Enrico Berlinguer fa molto di più. Nell’editoriale intitolato “Rottami a congresso”, dopo parole durissime contro il fascismo mussoliniano e il neofascismo del suo tempo (di cui già Almirante è un dirigente di spicco, fattosi “perfetto conformista al servizio della reazione”), segnala come “alle posizioni neutraliste, ai virulenti sfoghi antiamericani del passato, sono succedute le dichiarazioni a ripetizione di lealismo alla politica atlantica, gli osanna, le lettere aperte e le offerte di servigi fatte ai generali americani”, in particolare da quel principe Borghese, allora dirigente MSI, che sarà, con l’appoggio statunitense, organizzatore del fortunatamente fallito golpe del 1970. A questo punto ci si aspetterebbe da parte di Berlinguer una chiusa nello stile dell’azione e della comunicazione politica dei nostri tempi attuali, ovvero una condanna implacabile dell’avversario politico, magari enfatizzandone la sua demonizzazione. Invece Enrico Berlinguer è pienamente consapevole di come la politica sia la costruzione di un consenso da edificare con la pazienza nell’esplicitazione delle proprie posizioni, che non vanno annacquate o diluite in un calderone che tutto omologa, alla caccia di qualche voto in più.

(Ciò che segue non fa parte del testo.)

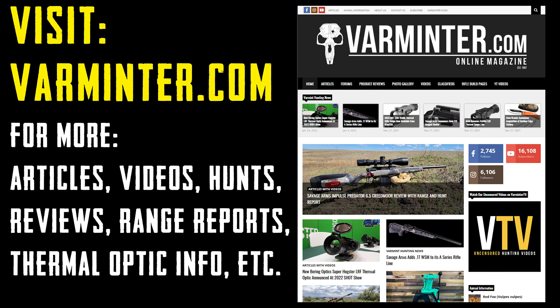Many of you may not know that we actually have a website with articles, videos, hunts, reviews, range reports, thermal optic info, and a lot more. A lot of these link up to the videos on our channel so you can refer back to them for information. If anything went by too fast, head over to Varminter.com and check out the article — all the information is there. We'll see you over at Varminter.com. Thanks a lot for watching.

Si tratta di un costante lavoro alla ricerca dei punti di contatto con gli avversari, con l’obiettivo di indurli a unirsi ad altro e ben differente progetto politico.
Solo i massimalisti, di cui abbiamo nel tempo odierno tanti esempi e da cui siamo costantemente circondati, non coglierebbero il valore straordinario dell’apertura che Berlinguer, dalla prima pagina del quotidiano del Partito Comunista Italiano e certamente dopo un confronto preventivo con Palmiro Togliatti, apre nei confronti dei giovani del Movimento Sociale Italiano.
Scrive esplicitamente Enrico Berlinguer: “Noi non neghiamo che vi siano nel MSI gruppi di giovani che sinceramente credono che la grandezza della Patria [con la maiuscola nel testo berlingueriano, NdA] possa essere costruita solo nella lotta contro ogni ingerenza e dominazione straniera e nel rinnovamento morale e sociale della Nazione [ndr anche in questo caso con la maiuscola, NdA]: nel rifiuto perciò di ogni compromesso con l’imperialismo e con le forze conservatrici del Paese [ibidem].”
Ovviamente Berlinguer afferma che questi giovani dovrebbero prendere atto delle scelte antitetiche del loro partito rispetto alle loro aspettative e dovrebbero compiere un passo di piena consapevolezza, che li porti a scegliere il campo antimperialista, operando tuttavia un decisivo cambiamento, quello di liberarsi dell’anticomunismo, “il quale acceca l’intelligenza e inevitabilmente porta, come dimostra l’esperienza di ieri di oggi, a divenire strumenti di interessi inconfessabili di caste privilegiate e di imperialismi stranieri”.
In conclusione, una grande lezione politica di Enrico Berlinguer, sulla quale sarebbe opportuno riflettere, soprattutto oggi, un tempo in cui siamo chiamati a costruire la pace, difendendo la sovranità nazionale e la neutralità svizzera, messe in discussione da troppi che vorrebbero assoggettarsi alla NATO e all’Unione Europea.